=== Section Start ===

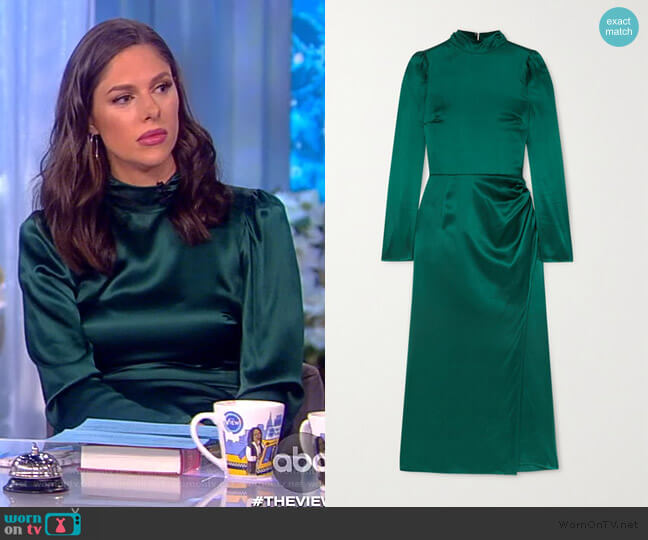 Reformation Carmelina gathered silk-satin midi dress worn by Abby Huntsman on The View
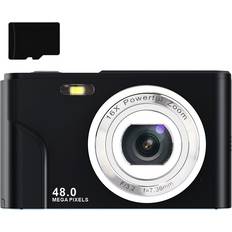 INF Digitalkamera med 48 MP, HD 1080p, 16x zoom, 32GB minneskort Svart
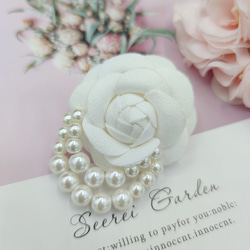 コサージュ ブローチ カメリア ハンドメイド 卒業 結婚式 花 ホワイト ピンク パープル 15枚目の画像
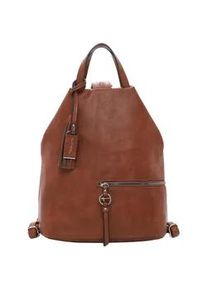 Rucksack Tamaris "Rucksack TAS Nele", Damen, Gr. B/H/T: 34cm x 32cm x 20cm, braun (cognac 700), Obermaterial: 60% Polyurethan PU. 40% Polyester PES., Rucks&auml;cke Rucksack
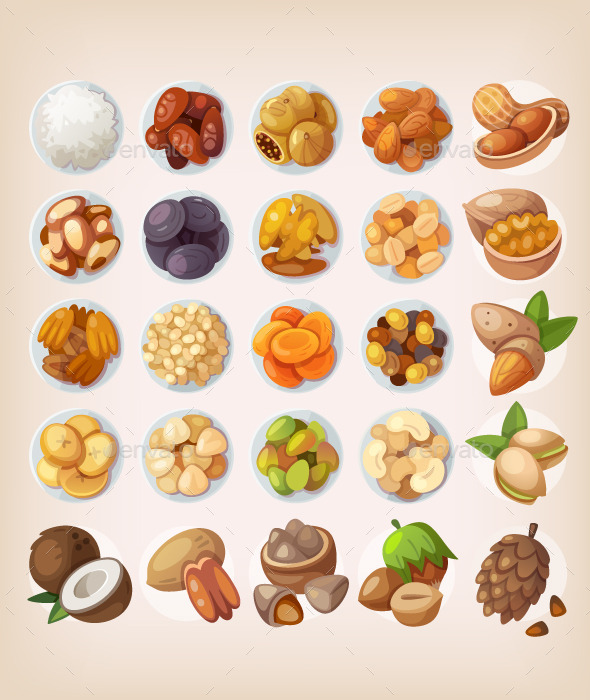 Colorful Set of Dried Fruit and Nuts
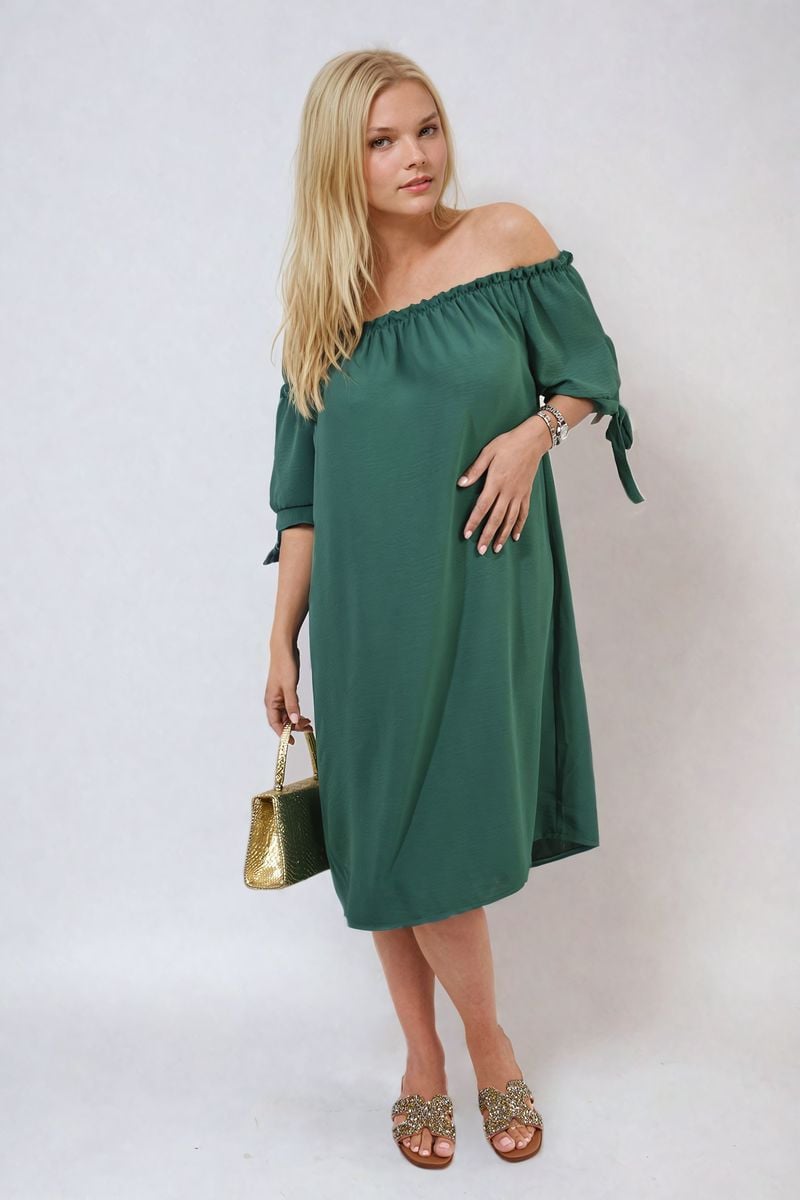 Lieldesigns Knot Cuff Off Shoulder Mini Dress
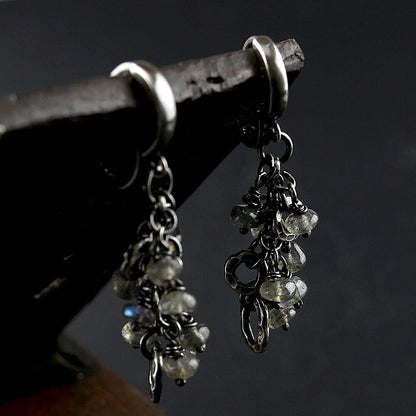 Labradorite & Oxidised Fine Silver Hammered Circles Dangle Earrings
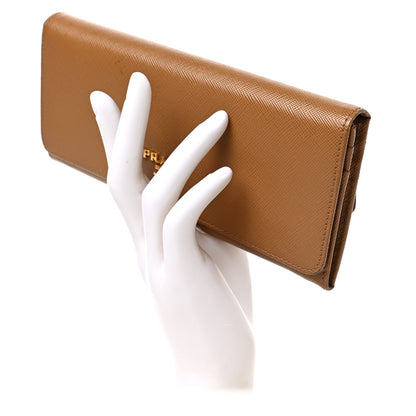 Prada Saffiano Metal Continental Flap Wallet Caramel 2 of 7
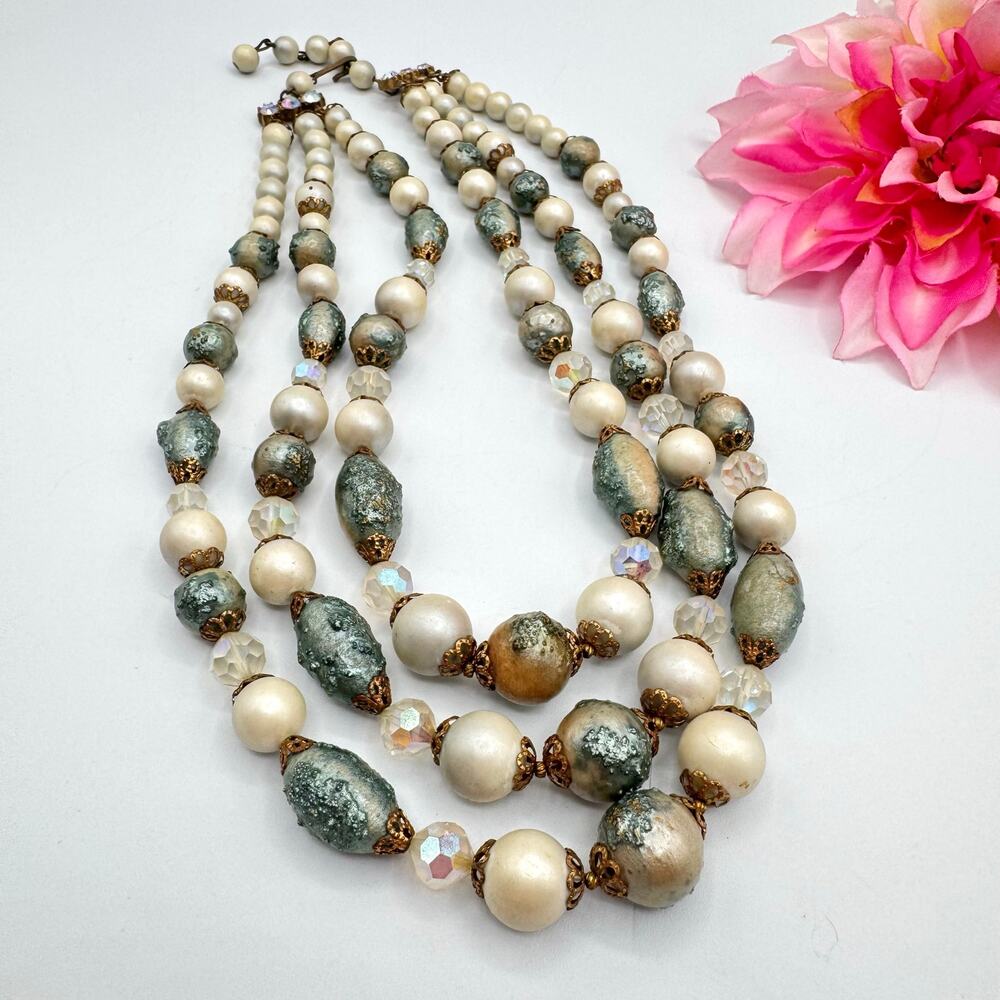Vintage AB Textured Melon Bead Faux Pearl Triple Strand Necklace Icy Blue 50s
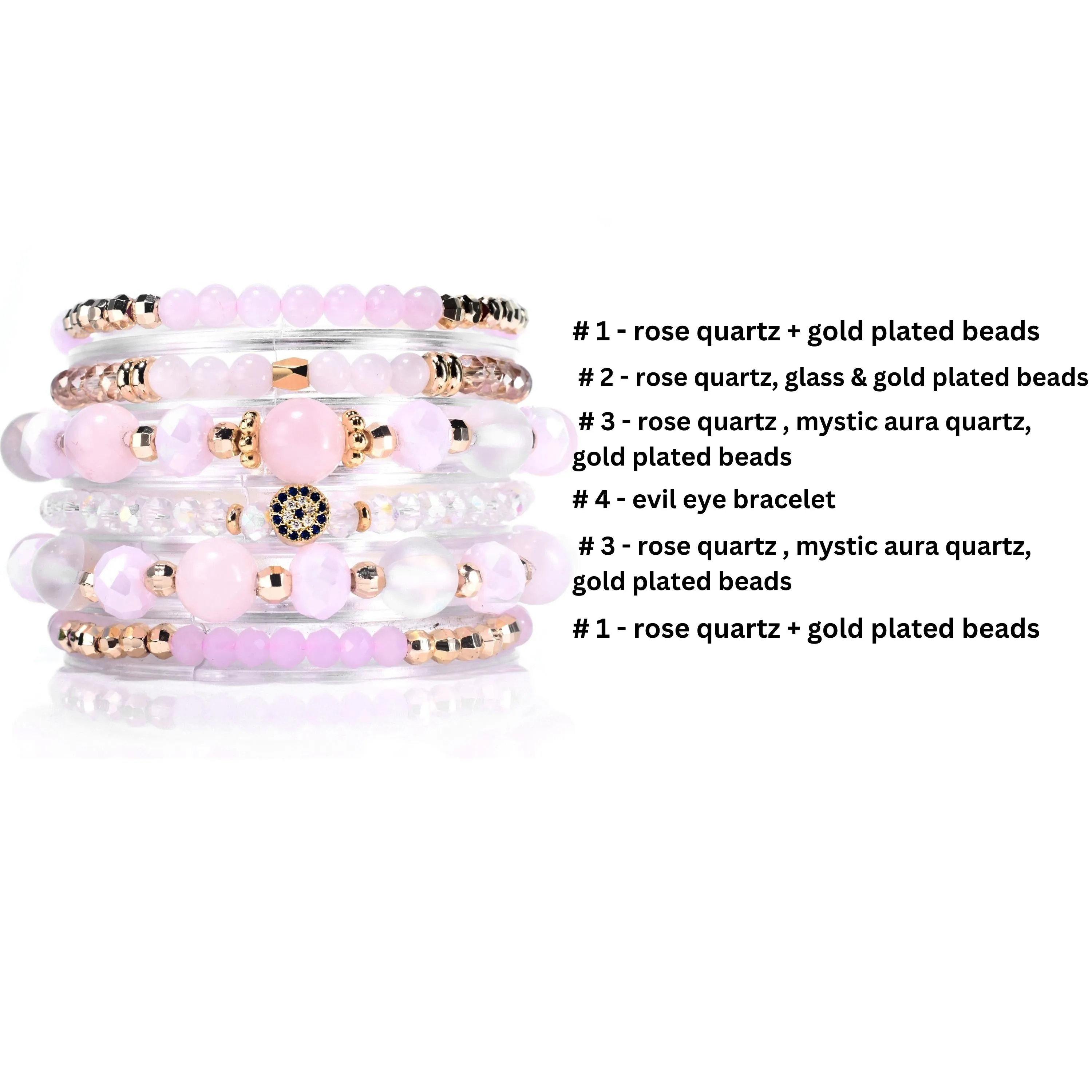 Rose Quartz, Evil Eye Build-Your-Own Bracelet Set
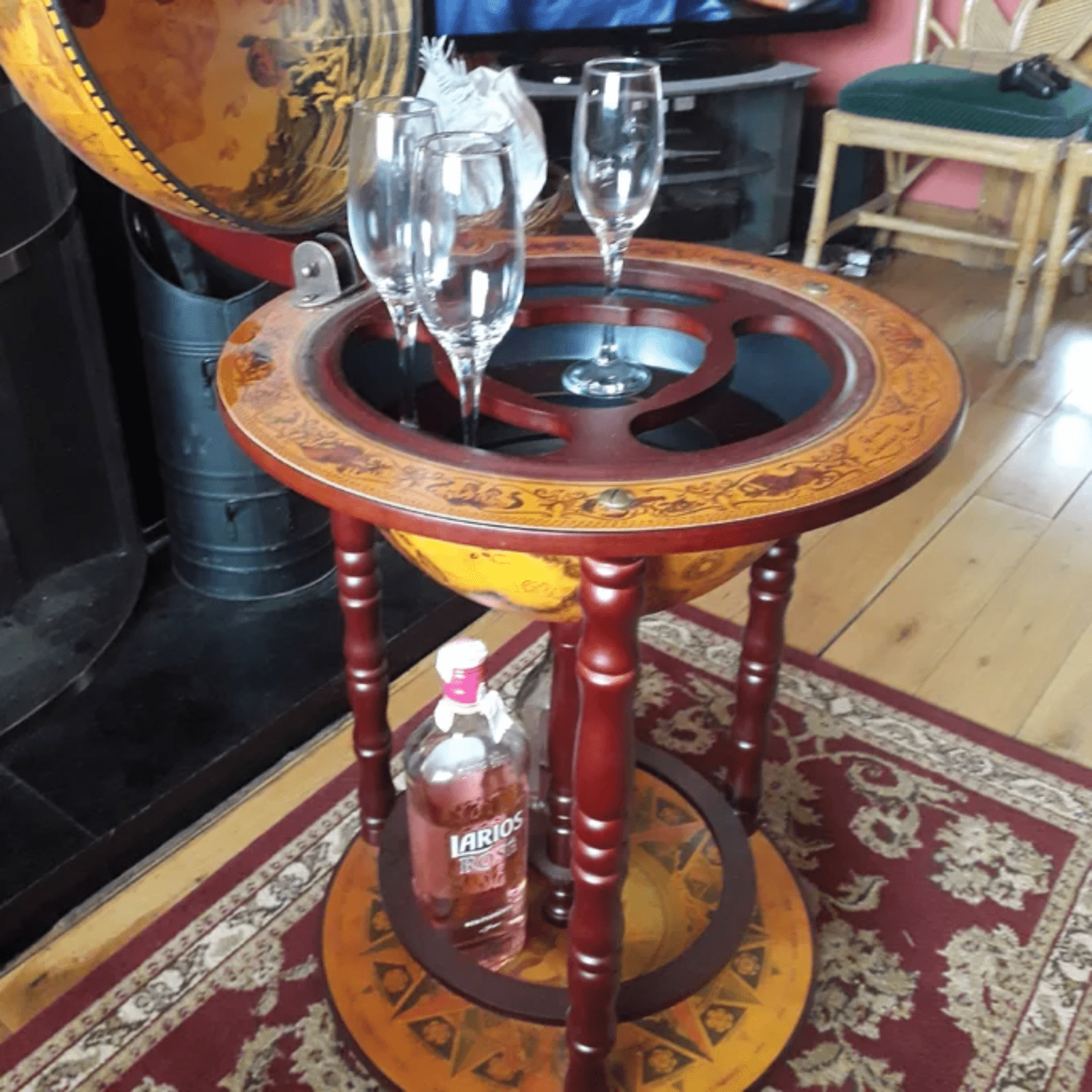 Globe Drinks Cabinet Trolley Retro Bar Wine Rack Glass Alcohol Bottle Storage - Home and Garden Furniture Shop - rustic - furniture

=== Section End ===

◆ Exercise description: Each line above should be set down exactly as written, with pictures excluded.

◆ Task output:
 Reformation Carmelina gathered silk-satin midi dress worn by Abby Huntsman on The View
 INF Digitalkamera med 48 MP, HD 1080p, 16x zoom, 32GB minneskort Svart
 コサージュ ブローチ カメリア ハンドメイド 卒業 結婚式 花 ホワイト ピンク パープル 15枚目の画像
 Rucksack Tamaris "Rucksack TAS Nele", Damen, Gr. B/H/T: 34cm x 32cm x 20cm, braun (cognac 700), Obermaterial: 60% Polyurethan PU. 40% Polyester PES., Rucks&auml;cke Rucksack
 Colorful Set of Dried Fruit and Nuts
 Lieldesigns Knot Cuff Off Shoulder Mini Dress
 Labradorite & Oxidised Fine Silver Hammered Circles Dangle Earrings
 Prada Saffiano Metal Continental Flap Wallet Caramel 2 of 7
Vintage AB Textured Melon Bead Faux Pearl Triple Strand Necklace Icy Blue 50s
 Rose Quartz, Evil Eye Build-Your-Own Bracelet Set
 Globe Drinks Cabinet Trolley Retro Bar Wine Rack Glass Alcohol Bottle Storage - Home and Garden Furniture Shop - rustic - furniture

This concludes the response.